# What is the best way to find someone to rehome my tropical fish?



## kelassa (Sep 13, 2011)

Hello,

I've had my fish for about a year and a half now and in that time I have learnt lots, but also had a lot of failures. It is so sad when my fish get poorly and I'm finding it really difficult to look after them properly.

My pangasius catfish (which the shop should never have sold to me!) is now really poorly and I just don't know how to look after him properly. 

I'm moving home in a couple of months and have decided that they would be better in a new home with someone who knows what they are doing. I don't want to take them back to the shop but can't seem to find anywhere online that is suitable for rehoming fish in Bedfordshire. 

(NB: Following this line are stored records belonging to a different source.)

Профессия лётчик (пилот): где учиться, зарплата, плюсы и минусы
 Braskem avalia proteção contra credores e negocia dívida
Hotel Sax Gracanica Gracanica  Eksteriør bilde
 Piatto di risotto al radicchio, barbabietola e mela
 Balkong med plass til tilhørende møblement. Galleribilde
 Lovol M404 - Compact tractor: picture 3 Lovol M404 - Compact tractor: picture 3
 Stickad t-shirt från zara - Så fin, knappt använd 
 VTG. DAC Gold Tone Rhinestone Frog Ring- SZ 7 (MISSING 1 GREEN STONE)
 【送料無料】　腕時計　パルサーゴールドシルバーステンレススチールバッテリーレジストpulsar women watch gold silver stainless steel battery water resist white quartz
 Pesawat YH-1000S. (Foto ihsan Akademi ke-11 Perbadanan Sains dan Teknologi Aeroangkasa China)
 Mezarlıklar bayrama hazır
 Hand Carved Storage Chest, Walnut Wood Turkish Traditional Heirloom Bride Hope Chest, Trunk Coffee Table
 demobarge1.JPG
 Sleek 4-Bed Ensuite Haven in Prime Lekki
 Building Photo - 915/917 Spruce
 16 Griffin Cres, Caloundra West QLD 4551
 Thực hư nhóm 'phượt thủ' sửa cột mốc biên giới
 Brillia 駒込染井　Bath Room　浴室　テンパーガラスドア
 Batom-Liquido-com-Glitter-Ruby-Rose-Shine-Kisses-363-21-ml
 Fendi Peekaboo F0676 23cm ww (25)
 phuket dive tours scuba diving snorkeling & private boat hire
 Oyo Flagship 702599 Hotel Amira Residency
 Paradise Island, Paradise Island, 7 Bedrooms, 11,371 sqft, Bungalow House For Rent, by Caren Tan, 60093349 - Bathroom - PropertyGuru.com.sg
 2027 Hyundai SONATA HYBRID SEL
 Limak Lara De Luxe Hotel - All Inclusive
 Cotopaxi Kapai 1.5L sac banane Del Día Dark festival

If anyone has any suggestions I would be grateful to hear from you.

Many thanks

Claire


----------



## Quinzell (Mar 14, 2011)

You could try this site - FRW - Fish Rescue and Welfare They rescue/rehome fish!


----------



## Guest (Sep 15, 2012)

What a great site! Never knew it existed! 

You could also find vets that treat fish and ask them if they know of good homes, also, you could enquire at any public aquariums, whether they want them, or the fish experts, who work there, who may have fish.


----------



## shyfaiz (Jul 4, 2011)

, local pet store may be able to help , and also if you are on facebook , there will be a page for your area , there are lots and lots of forums and pages - like freeads , gumtree ect


----------



## Tropical Fish Delivered (Sep 25, 2012)

If you have an ebay account wait until they have a free listings day and put them on their as free to a good home. Lots of people buy fish from ebay


----------